By the way, don't know if it's just me but something on the left sidebar appears to be hanging up your site before the posts load. Took over a minute.

Cheers

TraderMark said...

Hi one guy, let me know if that continues to be an issue (the slow loading of the page) - it seems to load pretty fast on my end, but with all the 3rd party sites/links I assume it slows down to some degree.

I am pretty torn on WFR. I have been bearish on it for a while - long term I am an extreme bear as I believe a flood of polysilicon will hit the market by 2009/2010 as China overproduces polysilicon producers.... its a relatively simple production with plenty of raw material (sand) in the world - it just takes time to ramp up new facilities.

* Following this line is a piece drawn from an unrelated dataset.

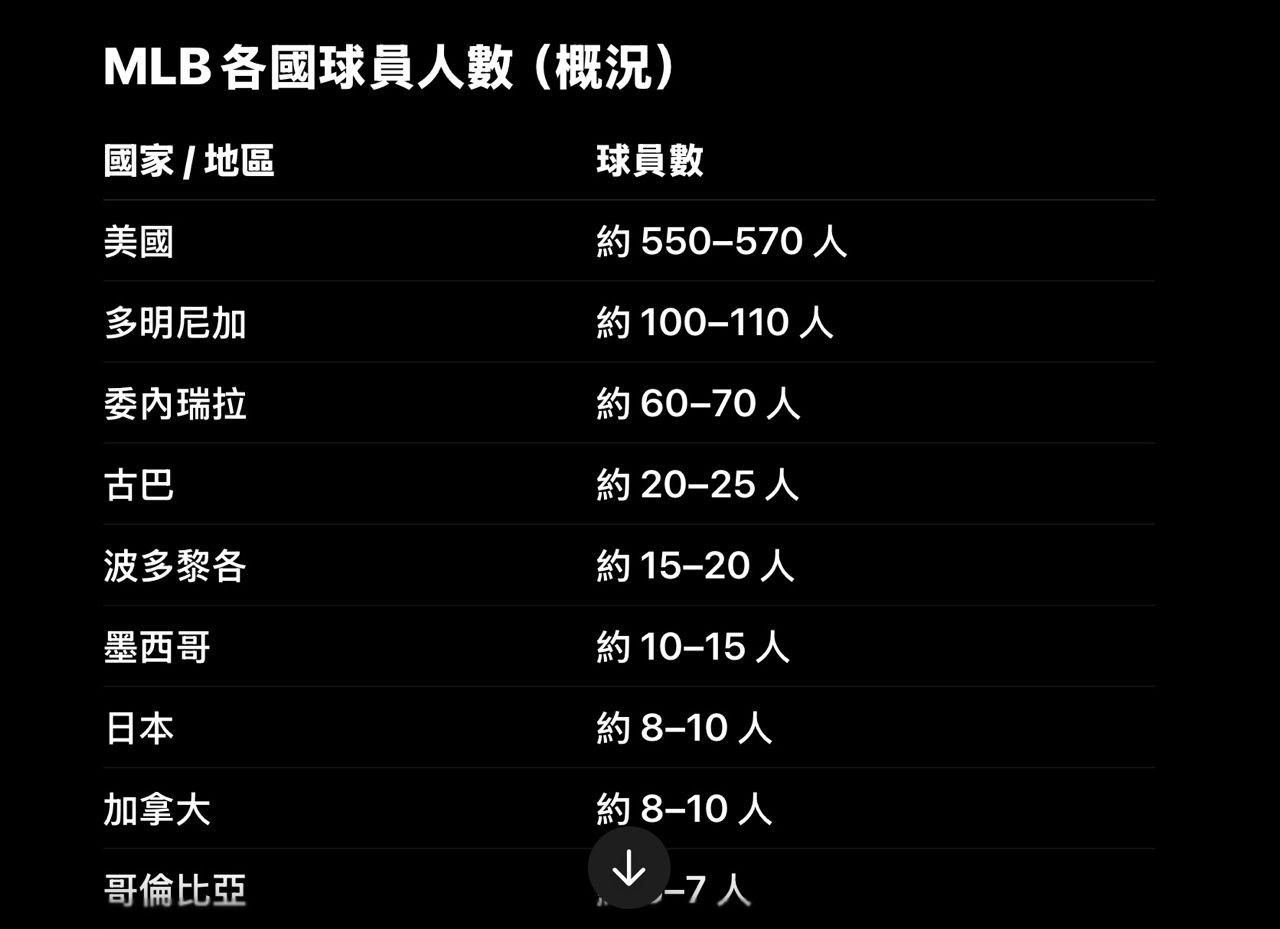 [討論] 日本以前奪冠含金量的問題 - 棒球 - PTT.BEST 批踢踢爆文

Near term, WFR could still have some decent moves but this is the age old arguement in this stock... will new competition drive down prices? and when does that begin? Or is the end market for solar going to grow so much that all this new production can just be absorbed etc? With polysili prices increasing to such a dramatic degree in past few years, one must ask has the easy money been made and are we at the tail end (tail end being relative, it could be another 18-24 months before we see a serious adjustment in prices) - or still in the middle innings.

But all those same comments also apply to the solar cell makers and even the integrated PV producers at the top of the chain. This is why the R&D and continued efficiency improvements are things to watch. While its relatively easy to get into the game, doing so profitably at these prices of polysilicon is proving to be elusive for the smaller fry like CSIQ, CSUN, SOLF. With that said polysilicon is 65-75% the cost of goods for the Chinese PV makers so if that just drops in half (which would still be pricing WELL above 2002/2003 levels) it makes it a much more profitable entity. Also relationship, established customer base, etc built by these early entrants to the space will be beneficial. But again, many moving parts and an arena we have to watch consistently to see how things play out.